• Supplied data:

--

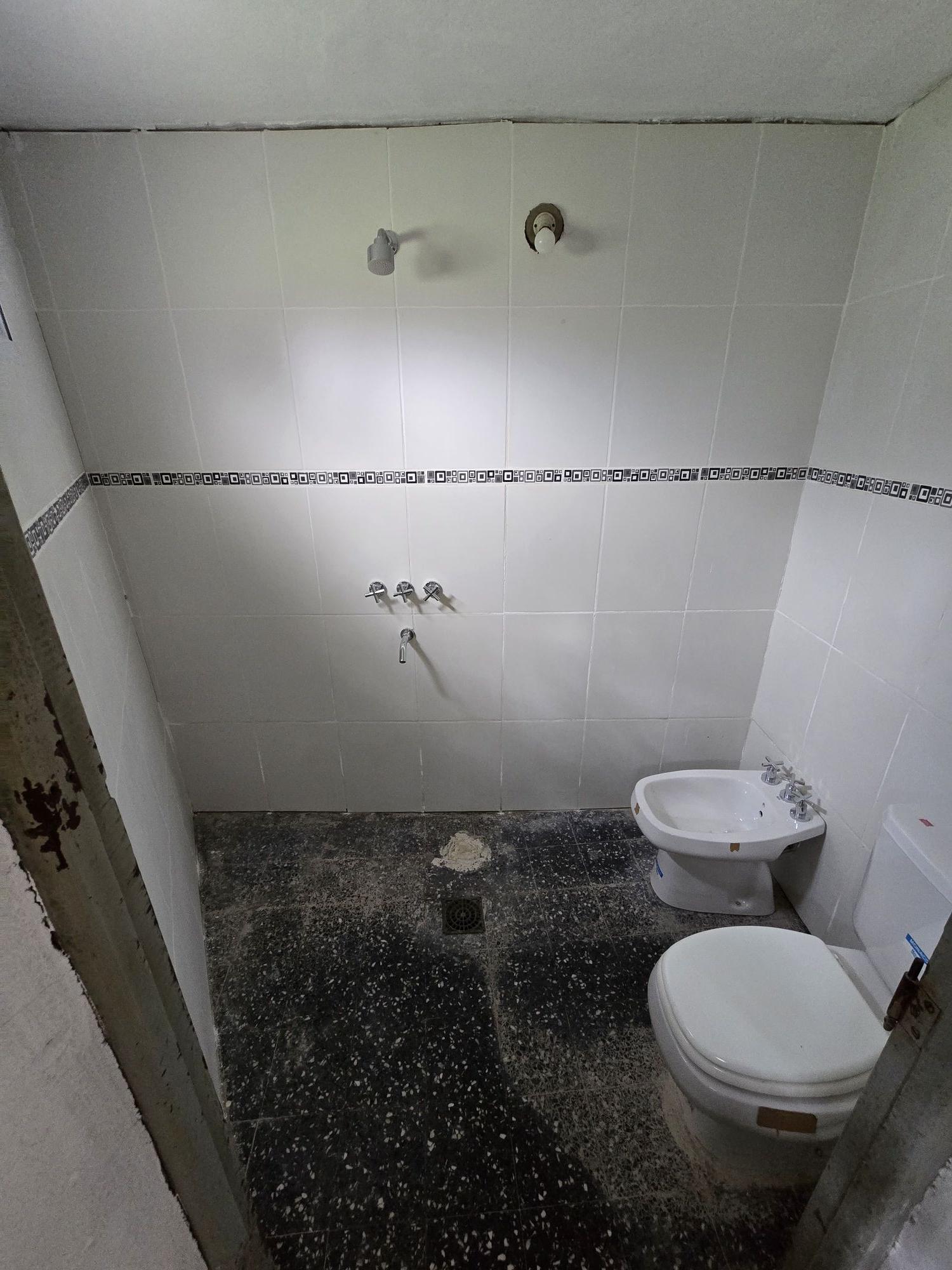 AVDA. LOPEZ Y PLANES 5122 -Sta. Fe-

--

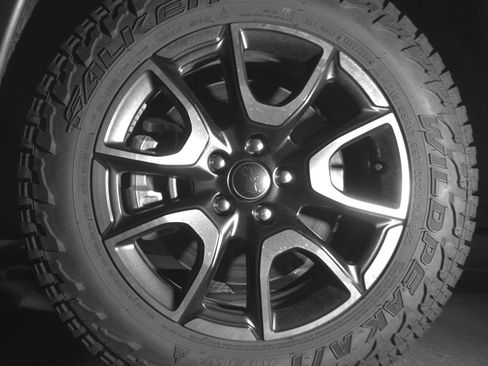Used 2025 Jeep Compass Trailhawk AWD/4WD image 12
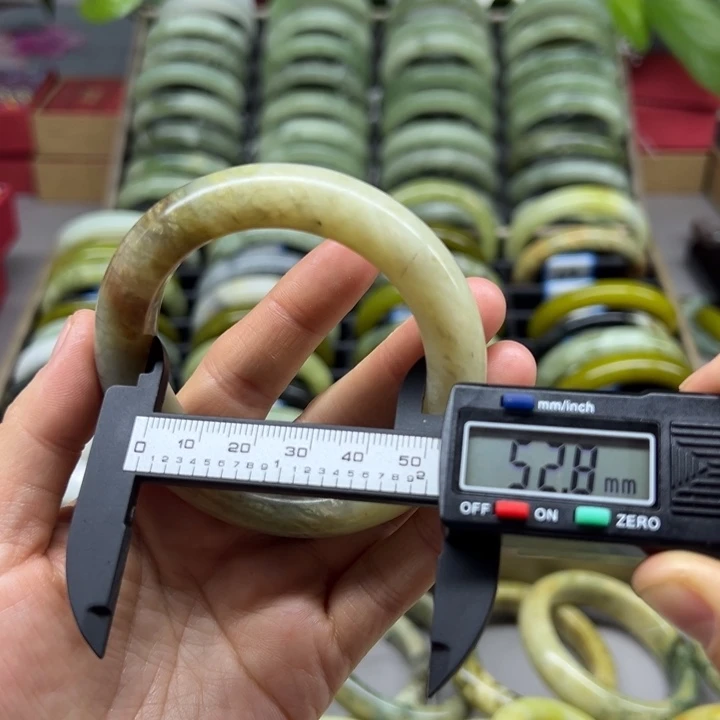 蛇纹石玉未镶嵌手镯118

--

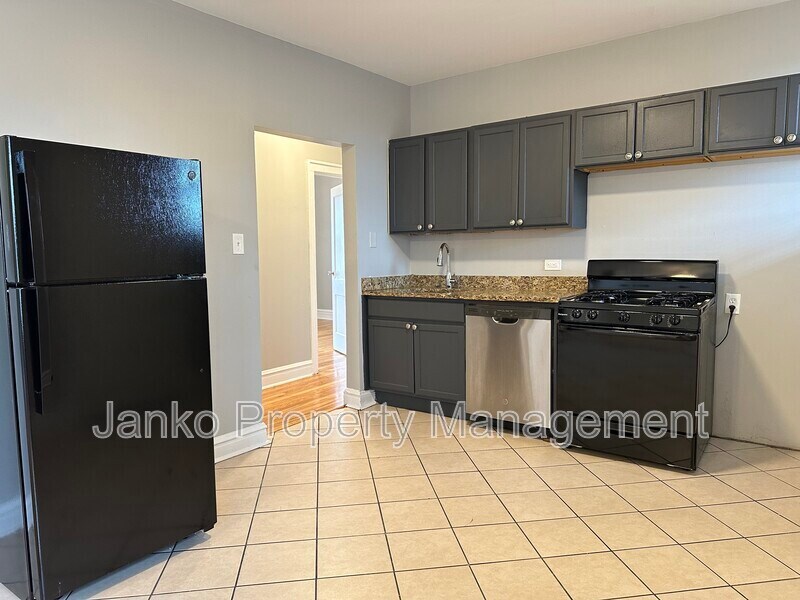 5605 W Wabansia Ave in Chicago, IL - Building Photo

--

• Problem statement:
Could you repeat, exactly, only the lines above starting at the one that has "Used 2025 Jeep" and stopping after the one that has "蛇纹石玉未镶嵌手镯118", without the pictures?

• Task response:
Used 2025 Jeep Compass Trailhawk AWD/4WD image 12
 蛇纹石玉未镶嵌手镯118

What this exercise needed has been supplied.